Breaking the Bank is a 2014 British comedy film directed by Vadim Jean and starring Kelsey Grammer.

==Cast==
- Kelsey Grammer as Charles
- John Michael Higgins as Richard Grinding
- Tamsin Greig as Penelope
- Mathew Horne as Nick
- Julie Dray as Sophie
- Andrew Sachs as Jenkins

==Production==
Principal photography began in London in April 2014.

==Release==
The film premiered at the Dubai International Film Festival in December 2014. It was released theatrically in the United Kingdom on June 3, 2016.

==Reception==
Leslie Felperin of The Guardian awarded the film three stars out of five and wrote that "it’s diverting enough to pass muster, thanks to a seasoned cast."

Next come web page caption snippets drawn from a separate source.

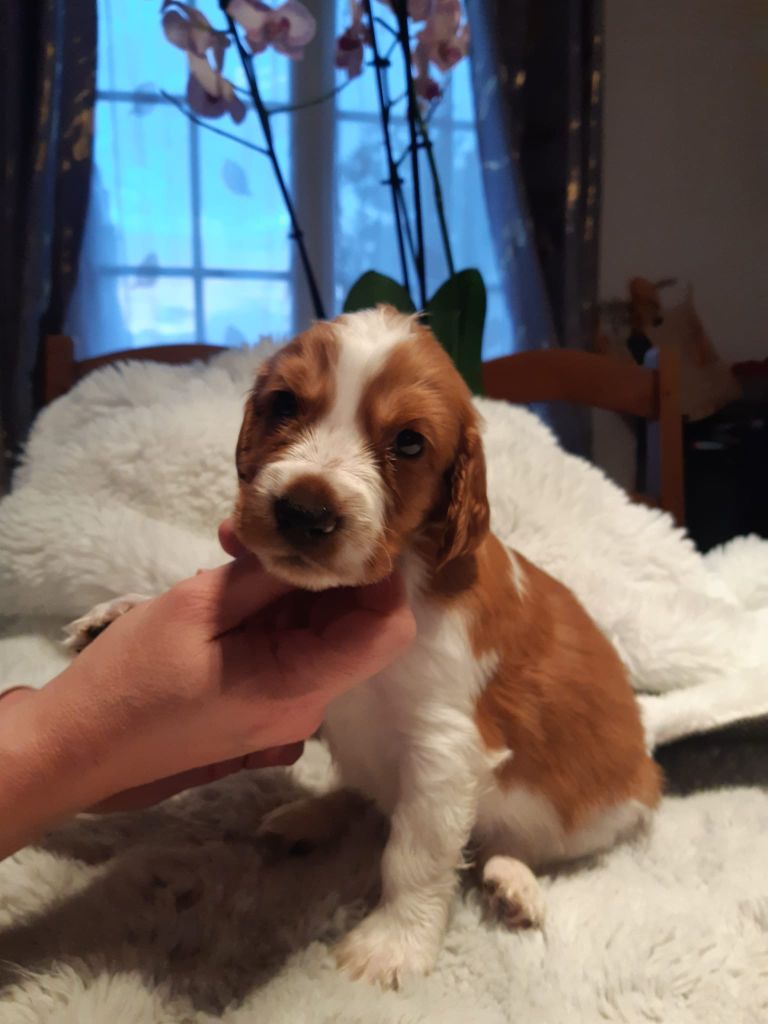 des Hauts de L'Espinouse - Chiots disponibles - Welsh Springer Spaniel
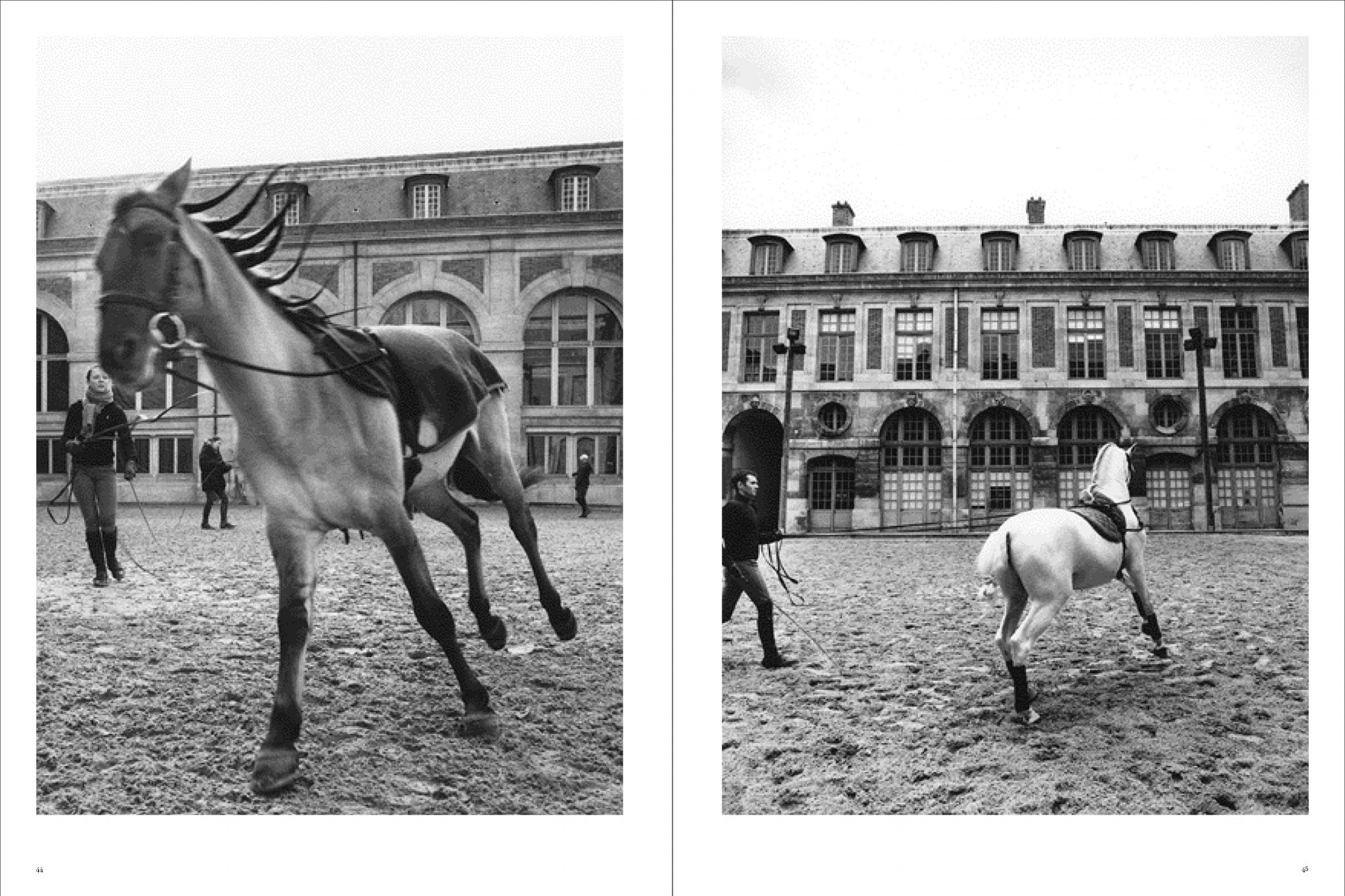 Koto Bolofo | Academie Equestre | 23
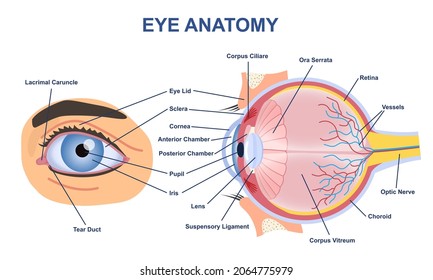 Eye anatome concept. Structure of human body. Graphic elements for medical websites. Study, education. Physiological sight infographic with side and front view. Cartoon flat vector illustration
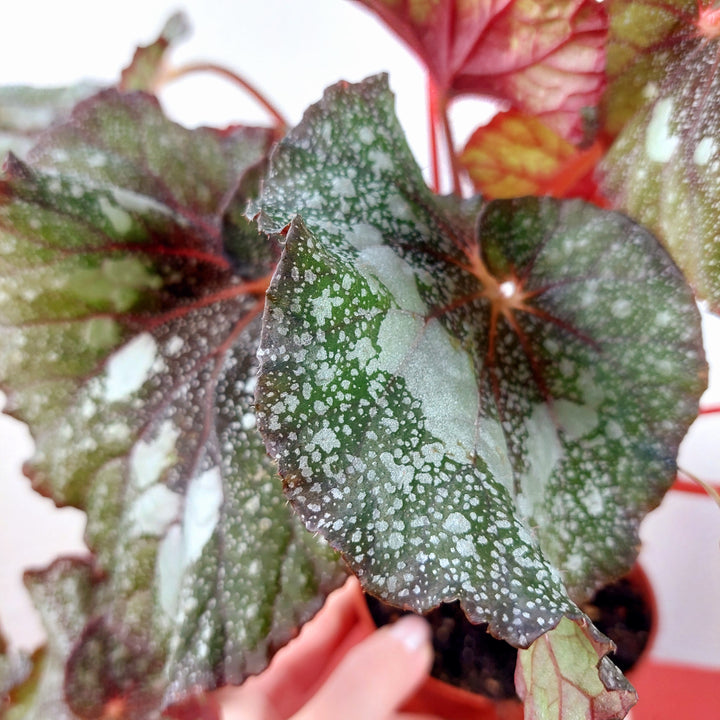 Begonia ‘Speckled’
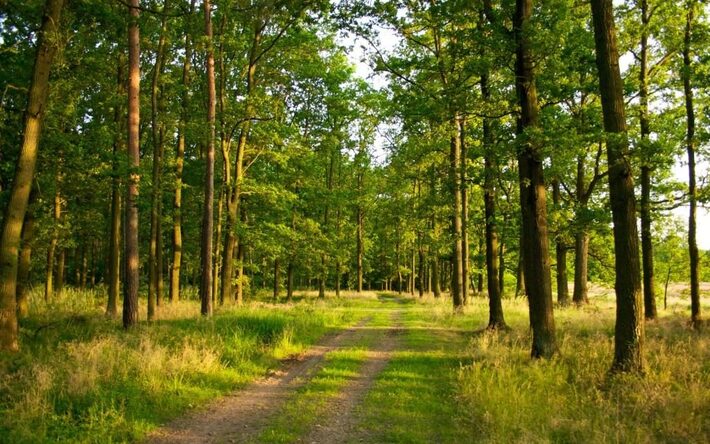 На Черкащині судитимуть директора лісгоспу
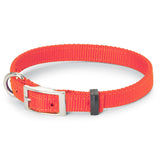 Nite Lite Double Ply Nylon 1" D-Ring in Front Dog Collar - Huntsmart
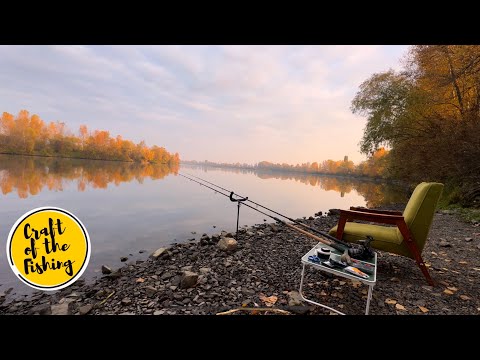 Видео: У пошуках ОСІННЬОЇ ПЛОТВИ🍂❗️🍁ЖОВТНЕВИЙ фідер на Десні ❗️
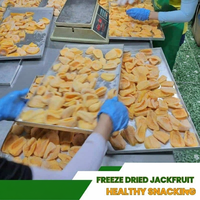 Hoogwaardige biologische gevriesdroogde jackfruitplakjes, gedroogd, knapperig, licht, 100% jackfruit, natuurlijk zoet, exportkwaliteit, bulk, vacuüm verpakt
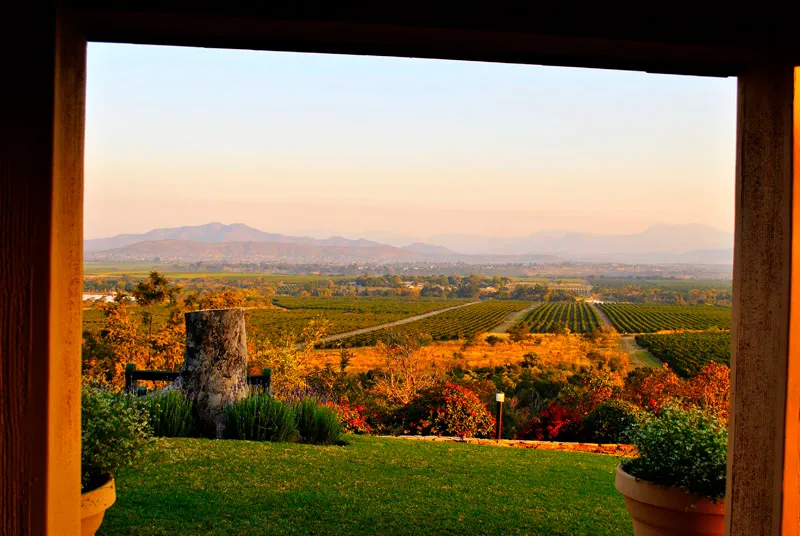 Letaba Estates photo 4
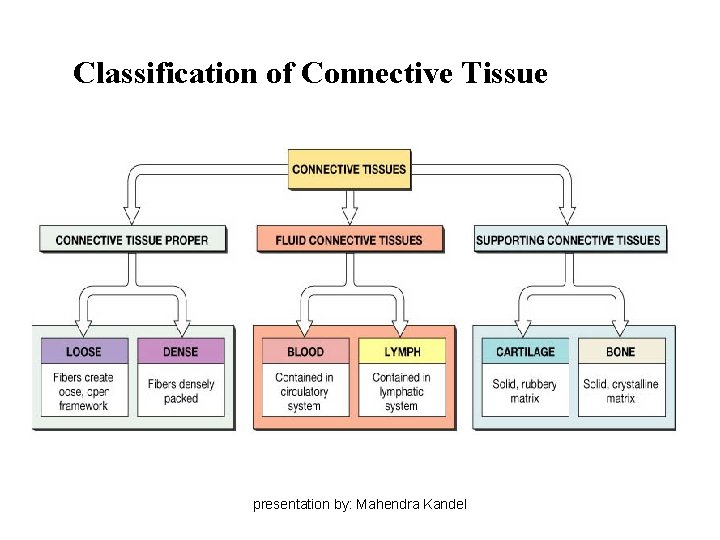 Classification of Connective Tissue presentation by: Mahendra Kandel Classification of Connective Tissue presentation by: Mahendra Kandel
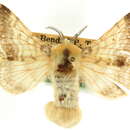 Image of Tolype mayelisae Franclemont 1973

The Hollywood Reporter gave the film a positive review: "In any case, audiences should enjoy seeing Grammer playing a Brit with such relaxed nonchalance, and his scenes with the versatile comedienne and stage actress Greig are thoroughly delightful."

Mark Adams of Screen Daily gave the film a negative review and wrote, "...despite the best efforts of Grammer and co-star Tamsin Greig this old-fashioned effort rarely clicks, with the muddled script offering nice ideas but little follow-through.”